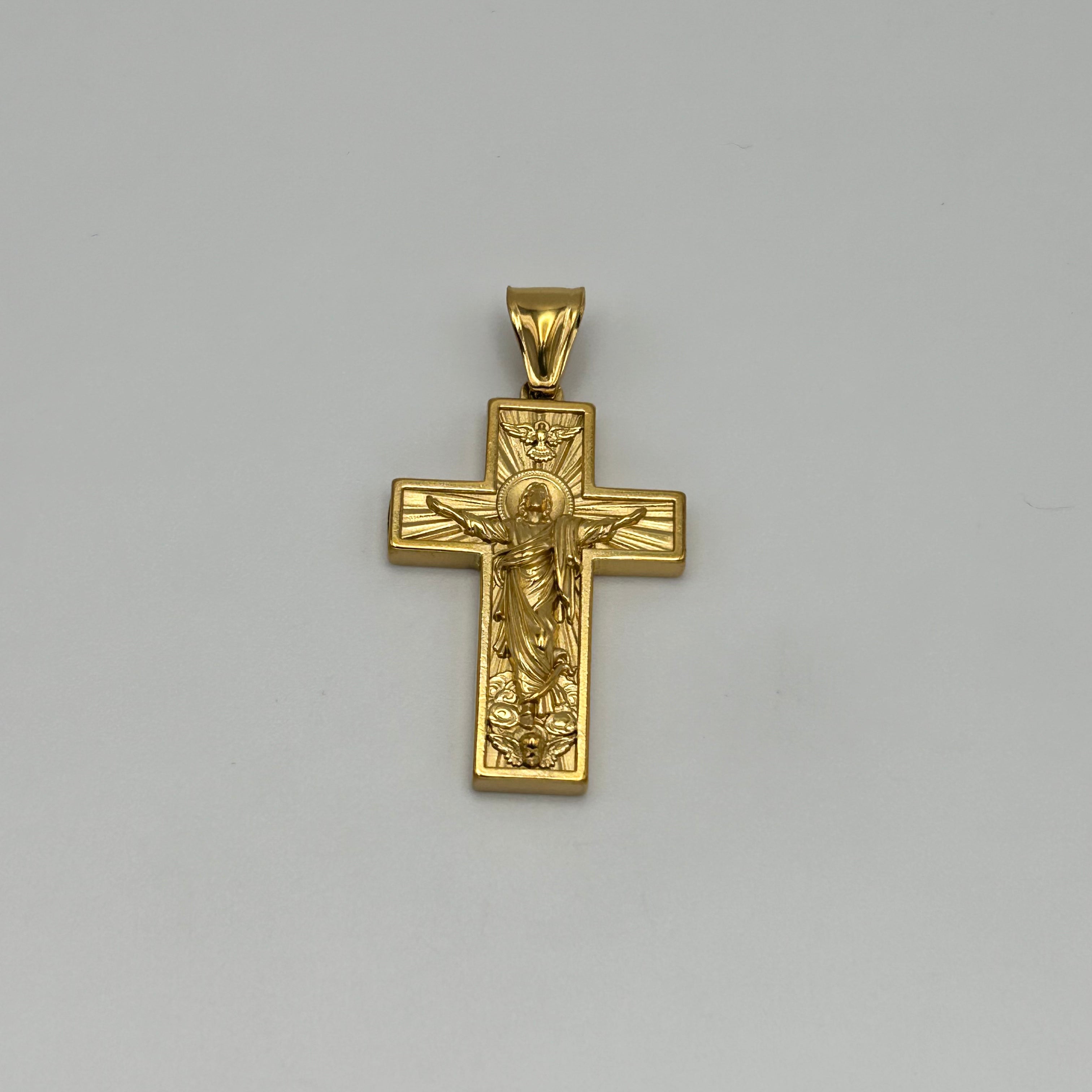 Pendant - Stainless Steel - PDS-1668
...
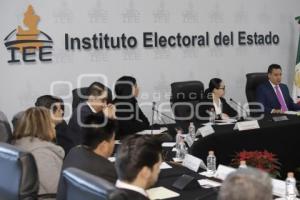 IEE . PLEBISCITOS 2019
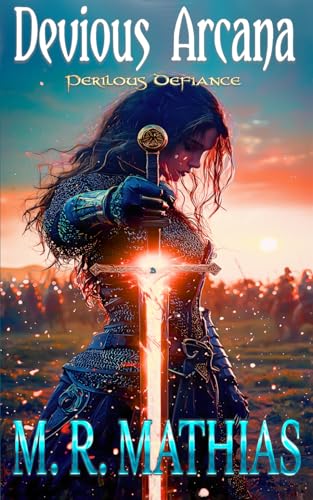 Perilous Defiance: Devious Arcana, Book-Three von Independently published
...
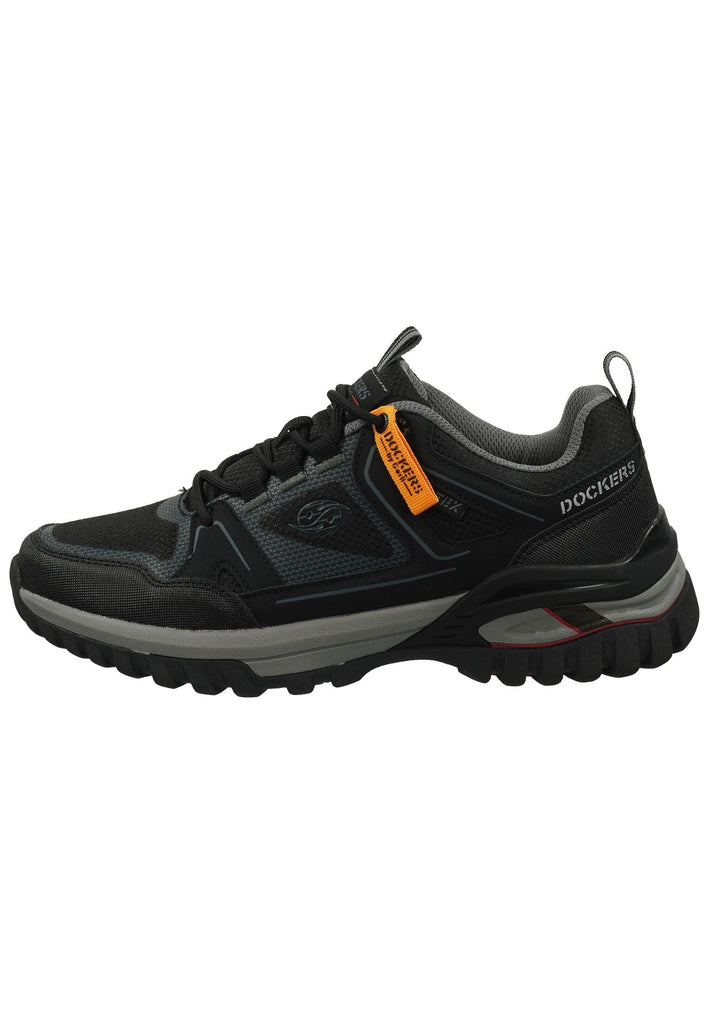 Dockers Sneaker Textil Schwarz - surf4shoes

## Task goal
Beginning at the line above that contains "IEE . PLEBISCITOS 2019" and going on through the line that contains "Perilous Defiance: Devious", please copy every line exactly, leaving the pictures out and adding nothing.

## Solution
 IEE . PLEBISCITOS 2019
 Perilous Defiance: Devious Arcana, Book-Three von Independently published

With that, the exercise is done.